(Data extracted from a collection)
────────

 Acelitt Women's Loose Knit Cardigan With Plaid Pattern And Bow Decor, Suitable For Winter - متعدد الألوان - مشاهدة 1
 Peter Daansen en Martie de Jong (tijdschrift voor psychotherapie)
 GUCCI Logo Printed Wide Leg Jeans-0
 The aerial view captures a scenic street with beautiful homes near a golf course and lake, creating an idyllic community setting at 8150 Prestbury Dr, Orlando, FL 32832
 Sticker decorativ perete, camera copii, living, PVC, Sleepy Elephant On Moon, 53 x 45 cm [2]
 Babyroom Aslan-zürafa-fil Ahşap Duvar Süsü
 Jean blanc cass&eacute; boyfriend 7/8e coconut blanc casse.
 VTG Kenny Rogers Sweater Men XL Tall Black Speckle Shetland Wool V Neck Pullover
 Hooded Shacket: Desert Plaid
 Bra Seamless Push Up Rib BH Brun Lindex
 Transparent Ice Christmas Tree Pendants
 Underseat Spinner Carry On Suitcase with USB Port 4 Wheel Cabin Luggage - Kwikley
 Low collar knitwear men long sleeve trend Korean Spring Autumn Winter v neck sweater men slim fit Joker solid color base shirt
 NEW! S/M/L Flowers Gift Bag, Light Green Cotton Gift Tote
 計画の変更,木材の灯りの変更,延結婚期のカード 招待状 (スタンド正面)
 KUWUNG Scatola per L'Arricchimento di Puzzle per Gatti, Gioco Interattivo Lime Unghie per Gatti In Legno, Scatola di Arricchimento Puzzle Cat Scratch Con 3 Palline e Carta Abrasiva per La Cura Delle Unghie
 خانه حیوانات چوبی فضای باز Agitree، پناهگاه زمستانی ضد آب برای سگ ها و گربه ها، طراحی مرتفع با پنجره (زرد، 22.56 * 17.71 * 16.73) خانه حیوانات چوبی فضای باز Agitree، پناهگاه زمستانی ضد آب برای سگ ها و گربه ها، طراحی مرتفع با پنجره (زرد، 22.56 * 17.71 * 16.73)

────────

— Required action —
Every line above that includes the word "Plaid" should be listed.

— Result —
 Acelitt Women's Loose Knit Cardigan With Plaid Pattern And Bow Decor, Suitable For Winter - متعدد الألوان - مشاهدة 1
 Hooded Shacket: Desert Plaid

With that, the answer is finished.